While Dow Jones may not be of value today to the new Fox Business Channel, I view that as being almost immaterial with respect to the overall benefits that News Corp. will reap from its ownership of The Wall Street Journal. As I’ve written previously, the Journal is one of the world’s truly iconic journalistic brands, and under News Corp.’s auspices I envision it becoming a highly profitable internet business.

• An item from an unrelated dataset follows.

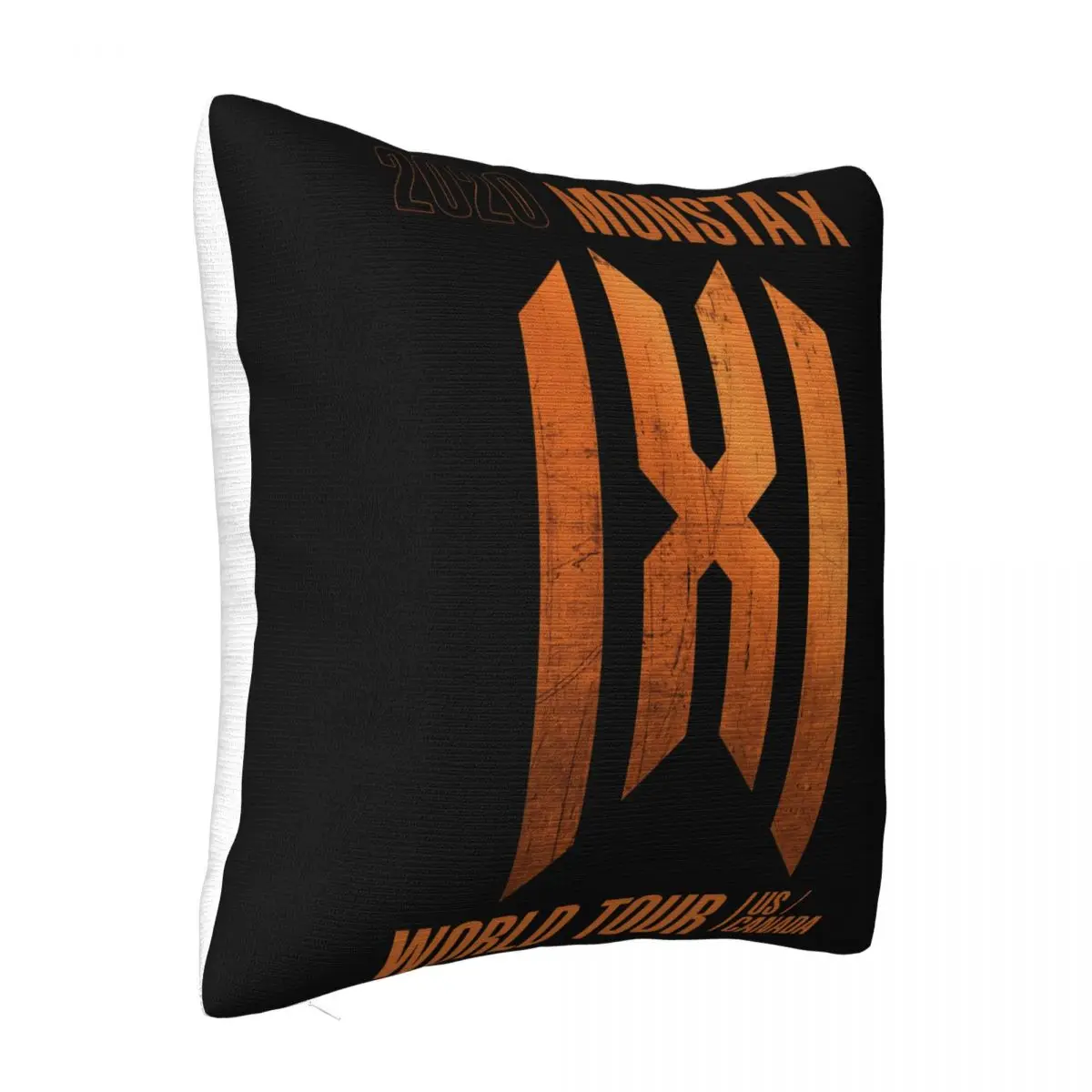 Balo Monsta X Ao Thun Nu Chuyen Luu Dien The Gioi Hoa Kcanada 2020 Xs3Xl Pillow Case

I am sure Murdoch understands that there are only so many business and investment web sites that people will choose to visit in search of financial information and having a robust, advertiser-supported (as opposed to the current subscription model) site that combines the Journal’s articles and editorial content, not to mention its trustworthiness, with television quality video will draw visitors by the millions, maybe even the tens of millions.
At a $5 billion plus price tag, Murdoch has placed a new media, Google-type valuation multiple on Dow Jones because he realizes that properly managed it can be a highly successful new media business with a valuation that could well exceed its purchase price in fairly short order.
In summary, I believe it is quite possible to see a jump of at least $400 million to $500 million in News Corp.’s operating earnings in the next few years as a result of the launch of Fox Business Channel and the transition to profitability at MySpace. When you couple that with the potential profits that a reconfigured Wall Street Journal web site might generate, it would not surprise me to see News Corp.’s annual operating profit jump by upwards of $1 billion by fiscal 2009 or 2010 as a result of the growth in these three businesses alone. A commensurate jump in the share price seems almost sure to follow.
For purposes of full disclosure, I do not currently own any shares or other securities of News Corp. but anticipate purchasing shares from time to time beginning as early as this week.